* _Assignment_
In this exercise, return only the lines that run from the line with "PEUGEOT 2008 BlueHDi 130 S&S EAT8 Allure" to the end of the entries below, both included. Pictures are not copied.

* _Exercise data_
■ ■ ■
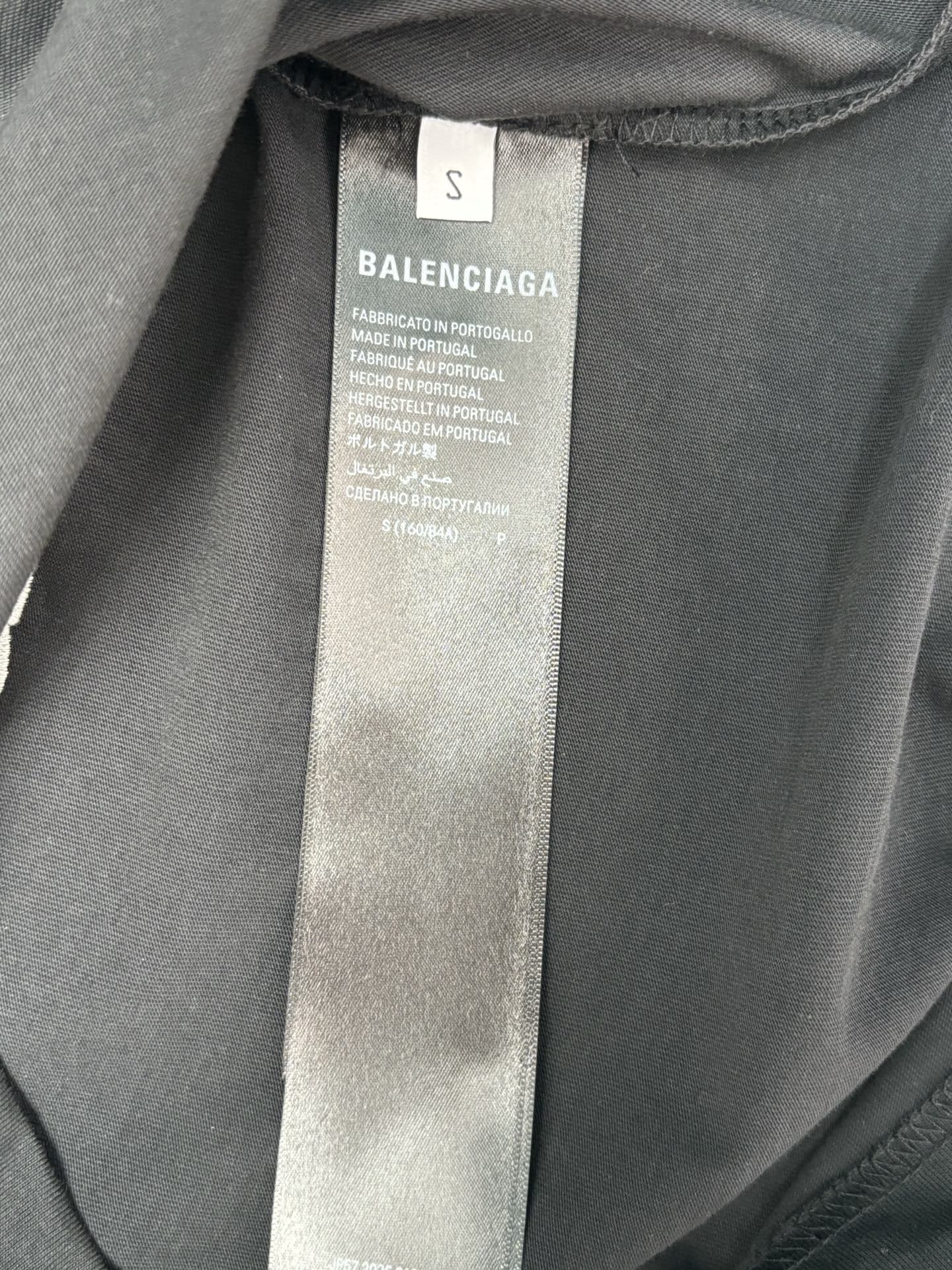 Balenciaga 巴黎世家 26ss新款 V领套头落肩短袖足球 T恤 超宽松版型 男款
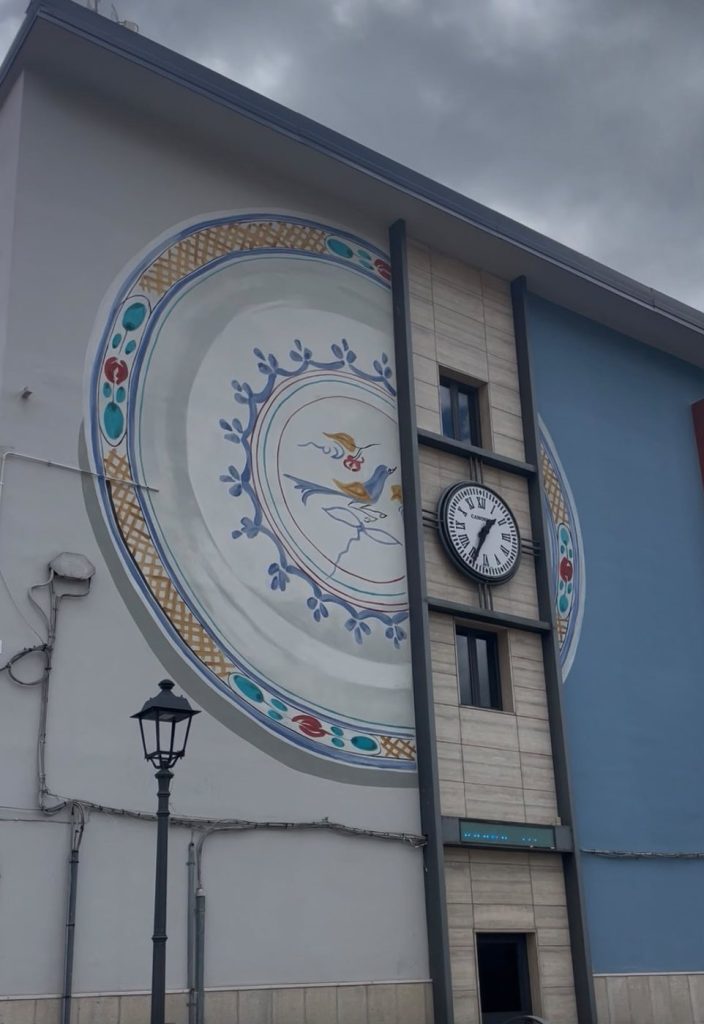 Particolare del grande piatto dipinto con l’uccellino, accanto all’orologio del Municipio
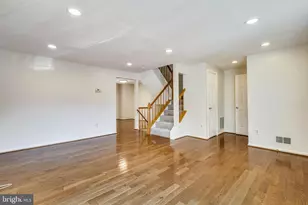 3032 Braxton Wood Ct, Fairfax, VA 22031 - Photo 4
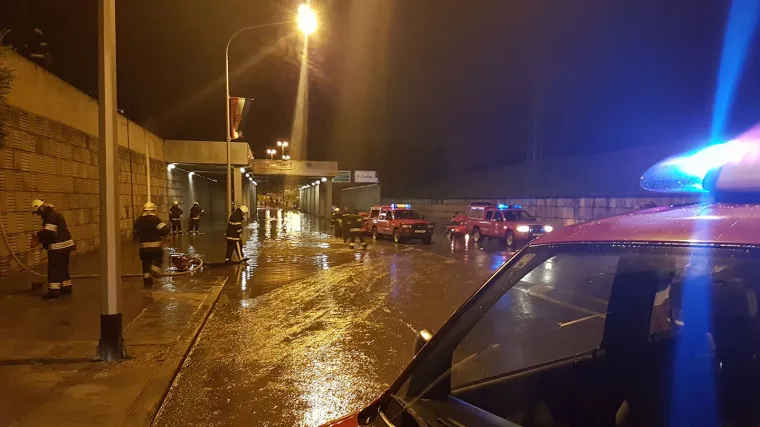 Zagreb noćas pogodilo jako nevrijeme: na terenu 30-ak vatrogasnih ekipa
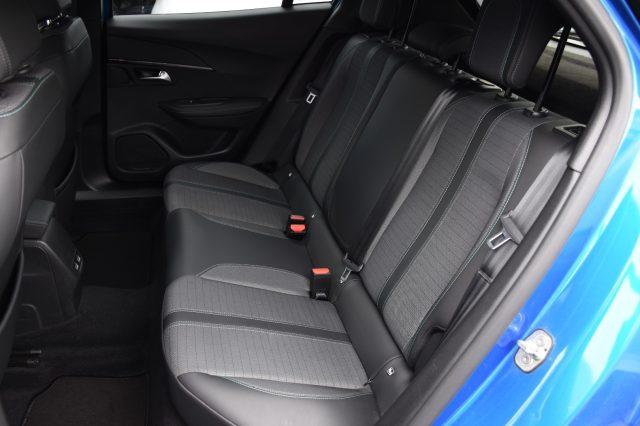 PEUGEOT 2008 BlueHDi 130 S&S EAT8 Allure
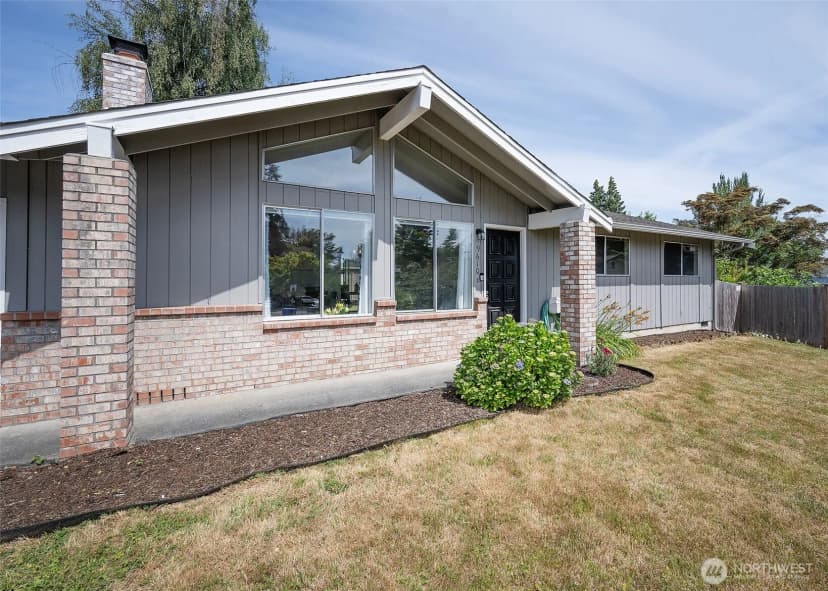 Property photo for 9610 Belmont Drive, Everett photo 2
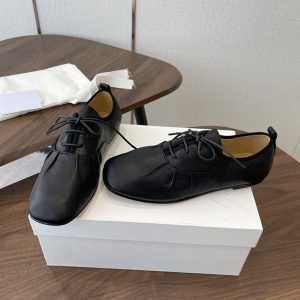 レディース フラットシューズ ブランド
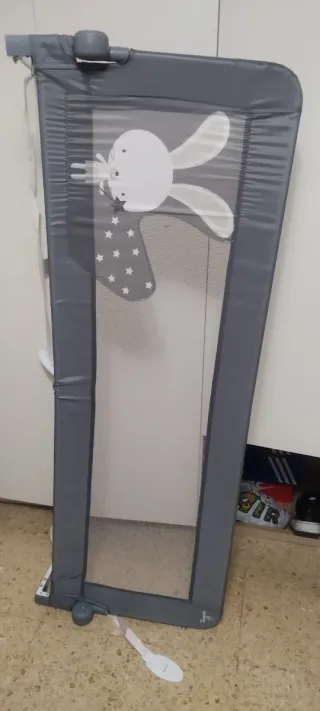 Barrera de seguridad para cama infantil poco usada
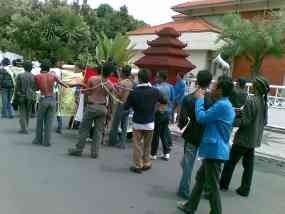 Mahasiswa Lamongan Jalan Mundur Protes Pembangunan Gedung DPRD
■ ■ ■
* _Output for this exercise_
 PEUGEOT 2008 BlueHDi 130 S&S EAT8 Allure
 Property photo for 9610 Belmont Drive, Everett photo 2
 レディース フラットシューズ ブランド
 Barrera de seguridad para cama infantil poco usada
 Mahasiswa Lamongan Jalan Mundur Protes Pembangunan Gedung DPRD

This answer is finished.